North Greenbush is a town in Rensselaer County, New York, United States. North Greenbush is located in the western part of the county. The population was 13,292 at the 2020 census.

The town has three main hamlets, Wynantskill in the northeastern corner, Defreestville in the southern portion of the town, and Snyder's Lake which occupies the majority of the town's eastern end. Each have strong identities and hinder efforts by the town to have a centralized identity. Also hindering a unified town image is that North Greenbush consists of parts of four different school districts, only one of which (a one-room schoolhouse) carries the town's name; two fire departments (Wynantskill and Defreestville); and three ZIP Codes (City of Troy, City of Rensselaer, and Wynantskill). North Greenbush is home to the southern part of the Hudson Valley Community College (HVCC) campus, including the Joseph L. Bruno Stadium, home to the Tri-City ValleyCats minor league baseball team; the RPI Tech Park; the La Salle Institute; the New York State National Guard Armory, headquarters for the Rainbow Division; and various Rensselaer County government institutions.

== History ==
North Greenbush was part of the Manor of Rensselaerswyck and Albany County prior to Rensselaer County's creation in 1791. North Greenbush was created on February 23, 1855, from the town of Greenbush at the same time as the town of Clinton (today East Greenbush). At this time, North Greenbush occupied more than what it does today; it also covered what is now the northern section of the city of Rensselaer and the southern section of the city of Troy.
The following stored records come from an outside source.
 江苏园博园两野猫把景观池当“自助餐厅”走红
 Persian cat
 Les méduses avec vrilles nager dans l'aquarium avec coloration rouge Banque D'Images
The earliest settlers, in the early 1620s, settled in Bath, a part of the town annexed to Rensselaer in 1902. Some settlement in what is today North Greenbush may have taken place in the 17th century as well, but most significant early settlement occurred just prior to the Revolutionary War. Early settlements in the town were at Bath, Wynantskill, and Defreestville. In 1874, Bath became incorporated as a village, and in 1902 it was annexed to Rensselaer. Wynantskill, in the northeastern corner of the town, was first settled around the end of the 18th century, with a Dutch Reformed Church established c. 1794 and a post office established in 1820. Defreestville was originally called Blooming Grove until approximately 1830, when it was changed due to confusion with another Blooming Grove, in Orange County. It was named Defreestville for David M. De Freest and family who owned a tavern there. Defreestville and Wynantskill continue to be important hamlets in the town. Snyders Lake also became an important community in the 20th century. Snyders Lake was composed of summer residences and continues to lack a central business district.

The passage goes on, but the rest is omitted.